Change to East Lansing election years will not go to voters following review from Gov. Whitmer
Updated August 15, 2023 at 1:21 p.m. ET
A proposal that would move East Lansing City Council elections from odd to even-numbered years will not go on the November ballot.
East Lansing’s City Council had passed a resolution to give voters the chance this November to amend the city charter and shift when council elections happen. If implemented, the next city council elections after this year would have occurred in 2026 instead of 2025.
The change would have aligned local elections with state and federal races that draw more voters to the polls. Officials said the shift would lead to higher turnout from Michigan State University students.
In order for the measure to appear on the November ballot, it needed approval from the Governor's office by Tuesday evening to comply with state election requirements.
The city had previously sent the ballot language to the Attorney General's office for an evaluation.

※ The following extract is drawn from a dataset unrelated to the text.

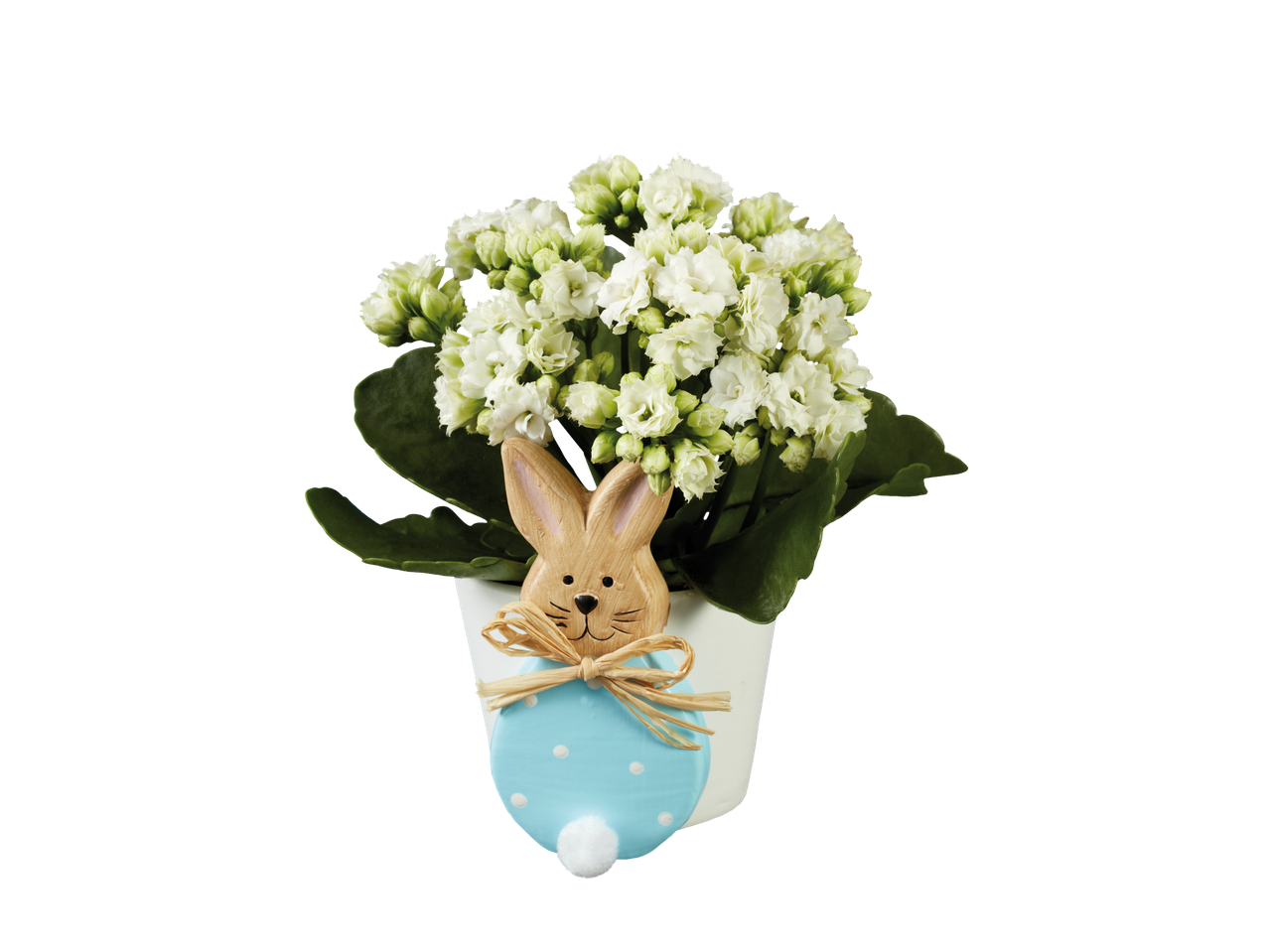 Ghveci cu flori albe și decor de iepuraș de Paște.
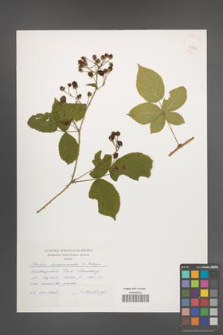 Rubus lamprocaulos [KOR 32772]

But the office rejected the proposal and said state law does not require city charter changes to move local election years, making the ballot question unnecessary.
The Attorney General's office indicated East Lansing's City Council could make the change with a local resolution. But City Attorney Anthony Chubb said conflicting state and local laws require the change to be made with a city charter amendment.
The city sent the proposal to Gov. Gretchen Whitmer for final review. A letter from Whitmer sent Tuesday morning stated she would not approve the amendment to appear on the ballot this fall, citing the Attorney General's legal reasoning.
While the council can override opinions from the governor and attorney general with a supermajority vote, the group does not have enough time to schedule a special meeting to make the vote while complying with the Tuesday 5 p.m. state deadline.
Voters in East Lansing will still weigh in on three other election-related ballot proposals in November. Those include expanding the council from five to seven members, shifting the date councilmembers are sworn in and taking steps toward supporting ranked choice voting for local elections.